Professionally engineered Internet solutions for humans

Case study: selomarhotel.co.uk

Selomar Hotel, Scarborough is run by a lovely couple, Ken and Irene who were recommended to me and phoned me in November last year wanting some help with online marketing. The website you see is the design I inherited. selomarhotel.co.uk home page

We approached the task in three passes. Basically, three lumps of money and three amounts of time spent doing what I do to help build traffic to websites and to improve the conversion rate from that traffic.

We didn't do everything I suggested, by any means. To some extent with a hotel once you've filled it that's all you need to do, so it was a bit like using a racing car to go shopping. So we never got to first place in Google for Scarborough Hotel or anything like that, the hotel filled up well before then.

I think I'm a little limited in what I can say about what we actually did do. There are, I think, about 300 hotels, guest houses and B&Bs in Scarborough and presumably everyone wants the top position in Google, so it doesn't seem right for me to detail what I did to help the Selomar Hotel. All I might say is we did what I always do, which is to look at what people are searching for online, then build pages to match, make sure the site is search engine friendly, and then work on making the site attractive and persuasive for people. I improved many of the photographs, for instance. Many of the general Scarborough photographs are my pics anyway. That 'we are here' picture on the first page of the site works nicely I think.

Another tack to take is to try to differentiate the business. Just writing about the business does that, and my PR background helps me spot things to write about and ask the right questions. As an obvious example, Selomar Hotel is licensed and has a bar, so I wrote about about that and now if you search for "scarborough hotel bar" we are (as I write) on the first page. I sought out interests and differences. One of Ken's interests is golf, so I wrote about that. Et Voila, a first place position on the subject. Every hotel is different, and writing about those differences helps to match holidaymakers with what they want and, in the end, everyone's happy.

Anyway, I don't know if this is fair because it's a seasonal business, but from comparing November to May, Google traffic is up 1,255%. 20% of our traffic is from a source I won't divulge but it's obviously a great source and we found it using the principles I've outlined.

Comparing this month's traffic to last, Google traffic is up 20%. And to two months ago, up 120%. These figures always confuse me, so here's what I mean.

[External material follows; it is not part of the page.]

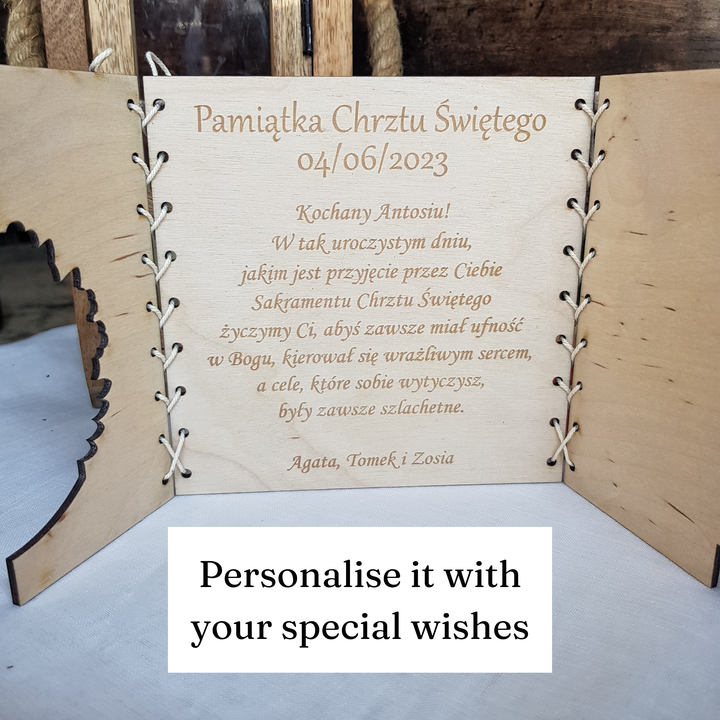 a wooden plaque with a message in Polish, which appears to be a personalised message or a wedding invitation.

If traffic two months ago was 250 visitors to the website from Google, it's now 542. That's more than doubled in two months.

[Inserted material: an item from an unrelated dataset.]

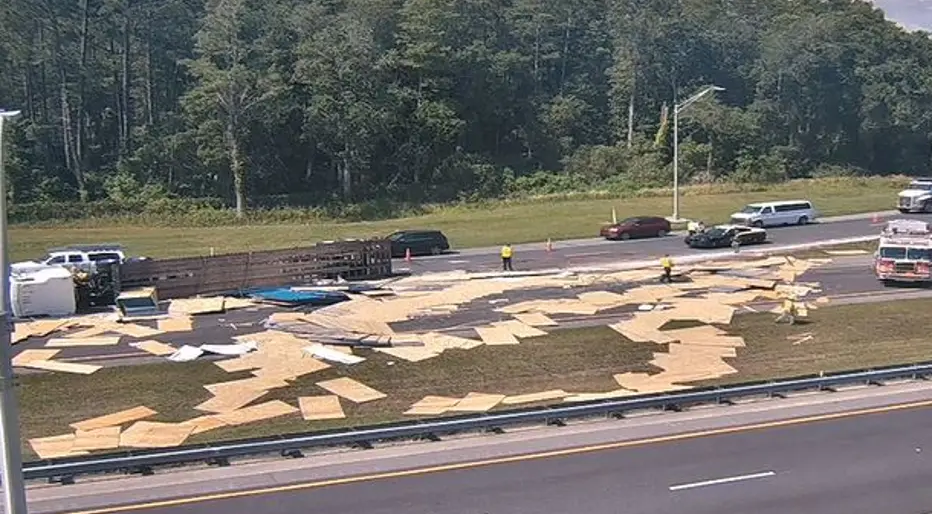 Semirremolque se volteó y esparció láminas de madera en carretera de Orange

Here's another one for you. Google defines the 'bounce rate' of a website as the percentage of visitors who arrive and basically, turn tail and leave straight away. They might be put off by what they see, or they might arrive because somehow your site is coming up under some search term that's misleadingly bringing people to you looking for something you don't provide. Writing clearly about what you offer solves that sort of thing. But of course your site needs to be attractive and to lead people in and create a great impression. Anyway, in December the bounce rate was 39%, two months ago it was 34%. One third of people arrived and, within a few seconds, left again. Now it's 4.6%, possibly one of the lowest bounce rates I've seen.

I should give credit to Ken for pushing for better text, and for providing a great basis for the new text.

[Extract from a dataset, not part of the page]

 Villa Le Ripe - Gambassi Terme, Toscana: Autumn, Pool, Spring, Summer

Selomar invested £800 in my time.

The real thing came through today. Quite spontaneously, Irene wrote this: Hi John just thought I would keep you up to date with our progress, we would like to thank you for what you have done for us we just can't keep up with the people wanting to come to us. It is our best year yet and have you noticed we are the top on ***travel site name*** and with that and the good web site, people are desperate to get in.

It kinda makes it all worthwhile doesn't it?